I'm new to query optimization so I've read a lot of articles and watched YouTubes and stuff but I still can't figure it out.
The thing is I have this query that I want to execute for my API :
SELECT req_id,follow_requests.insta_id as id,caption,follow_requests.male,
users.name,users.profile_pic
FROM follow_requests
INNER JOIN users ON follow_requests.insta_id = users.insta_id
WHERE (remaining_follow>0 && req_id<='574989')
AND NOT EXISTS
(
SELECT *
FROM follows
WHERE follows.req_id=follow_requests.req_id
AND follows.follower_insta_id='3134816134'
)
ORDER BY req_id DESC
LIMIT 20
so I logged my database and digest showed that this one is eating +42% of my resources some instance of this query look like 300 sec and it had an average of 20 sec!, (they got stuck on sending data status) so I tried to change it for better (not that I really I know what I'm doing :) and I changed it to this
SELECT fr.req_id, fr.insta_id as id, fr.caption, fr.male, u.name,
u.profile_pic, fr.date, fr.remaining_follow
FROM follow_requests AS fr
INNER JOIN users AS u ON fr.insta_id=u.insta_id
WHERE fr.remaining_follow>0
AND fr.insta_id!=3134816134
AND NOT EXISTS
(
SELECT *
FROM follows as f
WHERE f.req_id=fr.req_id
AND f.follower_insta_id='3134816134'
)
ORDER BY fr.date DESC
LIMIT 20
the strange thing is, it was ok the first few runs! like from 0.1 sec till 0.7s on test runs but after I went to stretch a bit and came back to finalize it, this was also stuck for +200,300 sec but on sorting status this time I checked query with explain and I noticed it's not using date index! if only I remove 'order by' part from query it becomes really fast ~0.2s
any Ideas?
by the way, almost all columns are indexed and follow table has 2M rows other have a like +100k
sorry If I couldn't explain it well or I missed to give you some important info, I'm just new ;)

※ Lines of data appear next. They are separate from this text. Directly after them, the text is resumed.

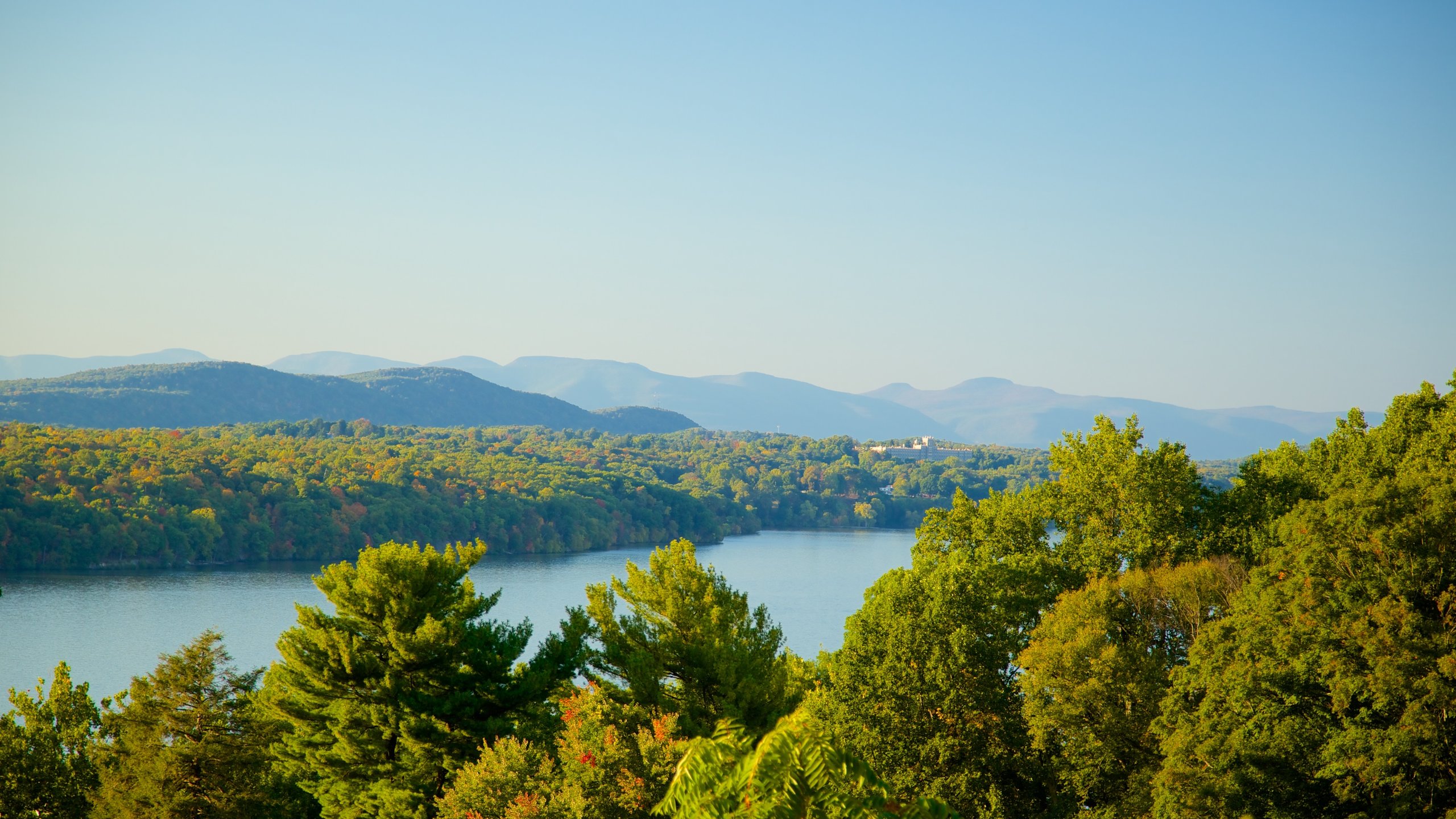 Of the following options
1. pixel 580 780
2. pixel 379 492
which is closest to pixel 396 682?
pixel 580 780

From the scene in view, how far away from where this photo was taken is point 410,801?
671 inches

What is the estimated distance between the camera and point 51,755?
53.3 feet

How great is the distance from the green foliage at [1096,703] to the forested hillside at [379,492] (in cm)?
5838

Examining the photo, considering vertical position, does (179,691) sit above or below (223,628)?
above

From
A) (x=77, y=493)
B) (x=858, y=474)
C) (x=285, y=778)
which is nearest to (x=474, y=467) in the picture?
(x=77, y=493)

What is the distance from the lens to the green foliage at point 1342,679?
46.7ft

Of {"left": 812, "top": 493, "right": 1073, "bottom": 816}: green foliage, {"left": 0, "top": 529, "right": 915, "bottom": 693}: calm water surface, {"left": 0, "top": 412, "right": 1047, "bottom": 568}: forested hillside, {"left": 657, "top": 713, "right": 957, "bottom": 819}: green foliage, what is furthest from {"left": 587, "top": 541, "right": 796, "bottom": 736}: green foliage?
{"left": 0, "top": 412, "right": 1047, "bottom": 568}: forested hillside

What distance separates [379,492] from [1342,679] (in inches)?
3021

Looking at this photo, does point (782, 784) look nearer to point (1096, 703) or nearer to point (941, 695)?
point (941, 695)

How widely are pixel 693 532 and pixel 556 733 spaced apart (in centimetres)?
8187

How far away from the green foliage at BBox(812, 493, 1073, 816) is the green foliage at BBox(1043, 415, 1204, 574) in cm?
320

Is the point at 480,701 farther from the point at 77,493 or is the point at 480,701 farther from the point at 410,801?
the point at 77,493

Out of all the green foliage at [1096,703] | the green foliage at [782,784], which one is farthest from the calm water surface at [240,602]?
the green foliage at [782,784]

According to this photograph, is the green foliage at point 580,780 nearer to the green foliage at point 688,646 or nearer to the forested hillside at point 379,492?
the green foliage at point 688,646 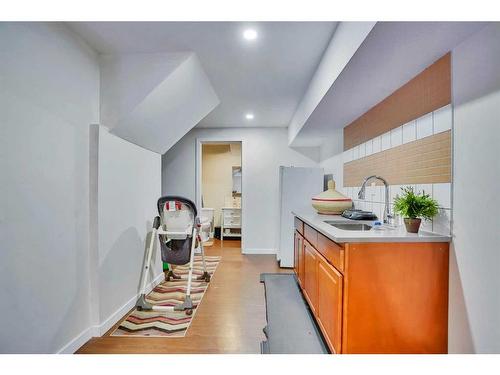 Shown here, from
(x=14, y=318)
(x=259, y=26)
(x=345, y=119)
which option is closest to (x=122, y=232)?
(x=14, y=318)

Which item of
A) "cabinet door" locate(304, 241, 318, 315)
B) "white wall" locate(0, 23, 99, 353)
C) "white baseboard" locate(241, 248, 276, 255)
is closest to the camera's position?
"white wall" locate(0, 23, 99, 353)

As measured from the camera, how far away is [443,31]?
125cm

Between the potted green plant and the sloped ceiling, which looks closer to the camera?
the potted green plant

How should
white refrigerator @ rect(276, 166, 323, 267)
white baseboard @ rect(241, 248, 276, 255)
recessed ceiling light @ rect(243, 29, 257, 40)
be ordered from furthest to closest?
white baseboard @ rect(241, 248, 276, 255), white refrigerator @ rect(276, 166, 323, 267), recessed ceiling light @ rect(243, 29, 257, 40)

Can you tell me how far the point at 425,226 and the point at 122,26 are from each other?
2496 mm

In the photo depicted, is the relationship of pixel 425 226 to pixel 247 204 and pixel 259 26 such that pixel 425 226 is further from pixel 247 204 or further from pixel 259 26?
pixel 247 204

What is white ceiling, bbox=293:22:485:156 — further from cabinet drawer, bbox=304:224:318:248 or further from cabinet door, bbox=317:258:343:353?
cabinet door, bbox=317:258:343:353

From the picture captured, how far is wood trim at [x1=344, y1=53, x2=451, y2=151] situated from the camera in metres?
1.51

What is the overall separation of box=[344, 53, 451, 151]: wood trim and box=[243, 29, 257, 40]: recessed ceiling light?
1183mm

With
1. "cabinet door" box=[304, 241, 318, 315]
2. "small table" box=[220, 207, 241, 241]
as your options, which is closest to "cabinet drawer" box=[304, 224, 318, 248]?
"cabinet door" box=[304, 241, 318, 315]

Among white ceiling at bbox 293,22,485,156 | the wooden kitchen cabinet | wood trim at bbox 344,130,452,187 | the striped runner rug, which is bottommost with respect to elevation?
the striped runner rug

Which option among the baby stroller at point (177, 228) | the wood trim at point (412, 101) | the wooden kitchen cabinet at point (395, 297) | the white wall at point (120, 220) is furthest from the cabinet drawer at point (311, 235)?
the white wall at point (120, 220)

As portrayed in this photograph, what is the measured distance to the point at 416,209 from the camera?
1553mm

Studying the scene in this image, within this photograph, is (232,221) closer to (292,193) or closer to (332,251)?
(292,193) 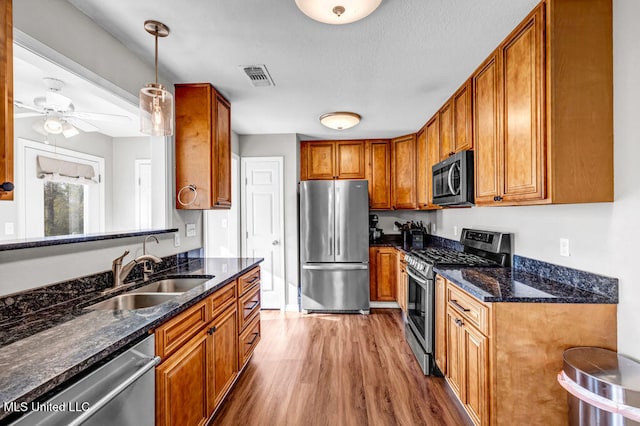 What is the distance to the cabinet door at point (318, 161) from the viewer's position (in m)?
4.59

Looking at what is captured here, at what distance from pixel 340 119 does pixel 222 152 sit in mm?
1269

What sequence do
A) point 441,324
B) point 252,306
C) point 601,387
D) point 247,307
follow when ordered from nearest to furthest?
point 601,387, point 441,324, point 247,307, point 252,306

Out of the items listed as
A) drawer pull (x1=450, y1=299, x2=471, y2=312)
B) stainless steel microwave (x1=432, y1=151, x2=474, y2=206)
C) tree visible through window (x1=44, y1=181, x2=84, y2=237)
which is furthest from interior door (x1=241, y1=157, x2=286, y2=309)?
drawer pull (x1=450, y1=299, x2=471, y2=312)

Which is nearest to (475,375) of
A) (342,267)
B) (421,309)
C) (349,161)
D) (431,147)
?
(421,309)

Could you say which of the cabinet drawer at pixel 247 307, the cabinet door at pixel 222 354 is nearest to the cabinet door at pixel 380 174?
the cabinet drawer at pixel 247 307

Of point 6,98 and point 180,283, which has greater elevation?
point 6,98

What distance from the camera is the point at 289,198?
4.27m

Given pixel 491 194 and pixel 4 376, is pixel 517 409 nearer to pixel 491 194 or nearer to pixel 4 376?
pixel 491 194

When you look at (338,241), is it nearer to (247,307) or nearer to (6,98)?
(247,307)

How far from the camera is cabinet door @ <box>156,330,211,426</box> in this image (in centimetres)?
135

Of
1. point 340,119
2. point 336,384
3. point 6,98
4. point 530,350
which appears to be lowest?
point 336,384

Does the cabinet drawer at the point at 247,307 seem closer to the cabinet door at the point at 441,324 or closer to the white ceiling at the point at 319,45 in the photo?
the cabinet door at the point at 441,324

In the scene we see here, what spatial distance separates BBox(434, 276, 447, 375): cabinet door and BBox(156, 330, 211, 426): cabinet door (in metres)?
1.65

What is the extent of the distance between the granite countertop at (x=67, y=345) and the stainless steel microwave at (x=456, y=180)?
2.06m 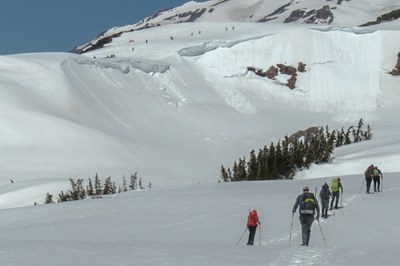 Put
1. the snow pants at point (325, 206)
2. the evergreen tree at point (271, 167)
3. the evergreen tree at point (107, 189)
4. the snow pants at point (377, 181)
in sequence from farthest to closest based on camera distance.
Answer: the evergreen tree at point (271, 167) < the evergreen tree at point (107, 189) < the snow pants at point (377, 181) < the snow pants at point (325, 206)

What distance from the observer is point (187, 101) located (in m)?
78.1

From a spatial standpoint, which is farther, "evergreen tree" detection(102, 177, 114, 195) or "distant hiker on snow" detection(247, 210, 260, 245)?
"evergreen tree" detection(102, 177, 114, 195)

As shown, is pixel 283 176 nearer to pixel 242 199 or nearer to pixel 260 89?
pixel 242 199

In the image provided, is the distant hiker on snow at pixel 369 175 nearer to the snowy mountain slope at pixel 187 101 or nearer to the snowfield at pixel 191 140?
the snowfield at pixel 191 140

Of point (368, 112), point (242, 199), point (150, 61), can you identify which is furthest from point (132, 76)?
point (242, 199)

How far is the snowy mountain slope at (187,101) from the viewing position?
55.3 metres

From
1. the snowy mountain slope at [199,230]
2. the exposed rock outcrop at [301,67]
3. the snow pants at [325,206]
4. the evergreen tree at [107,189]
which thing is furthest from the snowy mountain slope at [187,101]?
the snow pants at [325,206]

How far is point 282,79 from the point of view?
8975cm

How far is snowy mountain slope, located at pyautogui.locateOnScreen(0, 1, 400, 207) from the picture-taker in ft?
181

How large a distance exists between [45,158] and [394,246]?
1644 inches

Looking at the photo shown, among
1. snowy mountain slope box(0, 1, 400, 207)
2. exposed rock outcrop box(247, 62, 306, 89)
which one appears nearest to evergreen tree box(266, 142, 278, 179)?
snowy mountain slope box(0, 1, 400, 207)

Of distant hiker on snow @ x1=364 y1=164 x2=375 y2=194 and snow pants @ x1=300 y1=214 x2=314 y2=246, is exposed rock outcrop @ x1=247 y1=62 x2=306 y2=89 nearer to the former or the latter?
distant hiker on snow @ x1=364 y1=164 x2=375 y2=194

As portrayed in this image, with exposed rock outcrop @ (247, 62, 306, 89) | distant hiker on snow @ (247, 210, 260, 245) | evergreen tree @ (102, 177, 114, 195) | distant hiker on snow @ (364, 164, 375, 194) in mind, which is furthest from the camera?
exposed rock outcrop @ (247, 62, 306, 89)

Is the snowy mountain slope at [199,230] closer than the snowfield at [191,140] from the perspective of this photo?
Yes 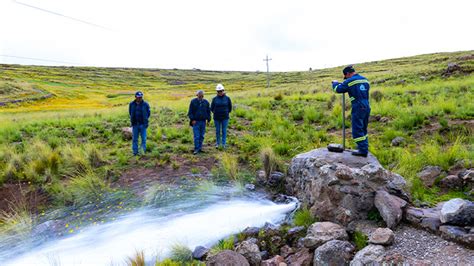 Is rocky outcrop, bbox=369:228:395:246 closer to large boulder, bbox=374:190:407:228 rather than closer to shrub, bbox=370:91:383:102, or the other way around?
large boulder, bbox=374:190:407:228

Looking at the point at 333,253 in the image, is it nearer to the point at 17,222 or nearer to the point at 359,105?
the point at 359,105

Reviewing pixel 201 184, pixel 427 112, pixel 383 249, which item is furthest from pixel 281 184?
pixel 427 112

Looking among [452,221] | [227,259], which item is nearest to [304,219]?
[227,259]

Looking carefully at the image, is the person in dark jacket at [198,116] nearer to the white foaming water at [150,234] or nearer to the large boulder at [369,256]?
the white foaming water at [150,234]

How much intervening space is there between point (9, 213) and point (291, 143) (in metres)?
8.02

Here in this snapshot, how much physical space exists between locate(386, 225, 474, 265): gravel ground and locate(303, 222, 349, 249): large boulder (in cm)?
76

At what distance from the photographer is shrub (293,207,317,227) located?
6199mm

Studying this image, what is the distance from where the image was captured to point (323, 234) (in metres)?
5.15

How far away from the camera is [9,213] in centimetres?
730

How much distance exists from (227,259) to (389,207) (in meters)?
2.61

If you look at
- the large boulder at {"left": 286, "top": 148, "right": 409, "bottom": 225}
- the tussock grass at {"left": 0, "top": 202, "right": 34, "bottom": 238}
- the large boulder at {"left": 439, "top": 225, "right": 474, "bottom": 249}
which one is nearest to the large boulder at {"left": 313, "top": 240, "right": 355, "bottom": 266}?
the large boulder at {"left": 286, "top": 148, "right": 409, "bottom": 225}

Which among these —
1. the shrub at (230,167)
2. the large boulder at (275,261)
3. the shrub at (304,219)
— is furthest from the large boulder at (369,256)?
the shrub at (230,167)

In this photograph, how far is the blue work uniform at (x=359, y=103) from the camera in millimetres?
6930

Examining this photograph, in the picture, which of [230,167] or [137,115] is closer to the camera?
[230,167] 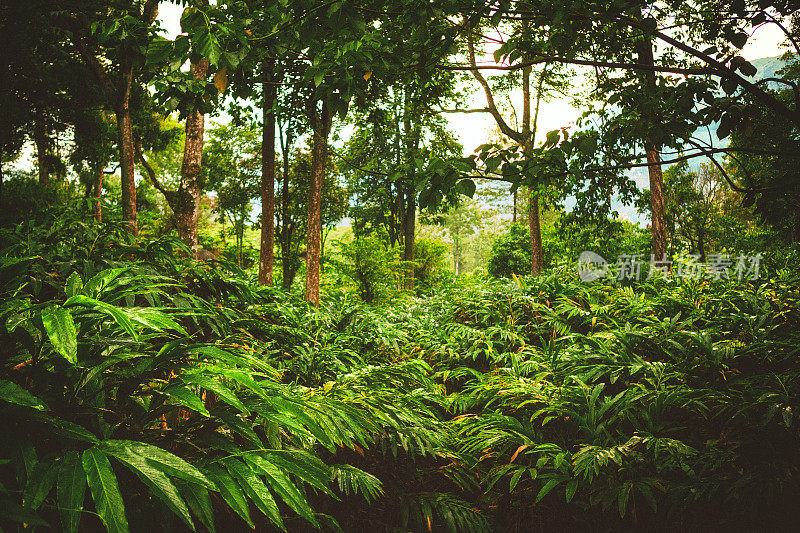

I would be very grateful if you could explain it in some way a newbie can understand while not missing out important details :)
Thanks in advance
=-=-=-=-=-=-= Update 1 =-=-=-=-=-=-=
Thanks to all your help I reached this query now which is time efficient but I had to change the whole thing a little but it might still have a problem
SELECT follow_requests.req_id, follow_requests.insta_id as id,
caption, follow_requests.male, users.name,users.profile_pic
FROM follow_requests
INNER JOIN users ON follow_requests.insta_id = users.insta_id
LEFT OUTER JOIN follows ON follows.req_id = follow_requests.req_id
AND follows.follower_insta_id = '3134816134'
WHERE follow_requests.remaining_follow >0
AND follow_requests.insta_id != 3134816134
AND (follows.follower_insta_id != 3134816134 || follows.follower_insta_id is null)
ORDER BY follow_requests.date DESC
LIMIT 20
hmm, first i need to say that i didnt write the orginal query (first 1) and i dont understand all of it myself :/ but the main programmer is out of reach right now and i have to take his place or the whole project will fail
about the problem is everybody can submit multiple requests for an insta_id but should only return one of them the main code and @Kickstart code (which is optimized version of the original one with ave respond time of ~10 sec) does it right (for some reason I don't understand but my code returns multiple instances of the same insta_id (with different req_id)
And alsocould some body enlighten me why the first query is doing so bad?
Really need to see the table declares and the EXPLAINs of the queries.
However it is possibly worth trying a LEFT OUTER JOIN of the follows table, and checking for no match (by checking for a column that must be populated on that table for being NULL).
However do you have an index on the follows table that covers both the req_id AND the follower_insta_id fields? Not 2 separate indexes, but one that covers both fields.
SELECT req_id,
follow_requests.insta_id as id,
caption,
follow_requests.male,
users.name,users.profile_pic
FROM follow_requests
INNER JOIN users ON follow_requests.insta_id = users.insta_id
LEFT OUTER JOIN follows ON follows.req_id = follow_requests.req_id AND follows.follower_insta_id = '3134816134'
WHERE follows.req_id IS NULL
AND remaining_follow > 0
AND req_id <= '574989'
ORDER BY req_id DESC
LIMIT 20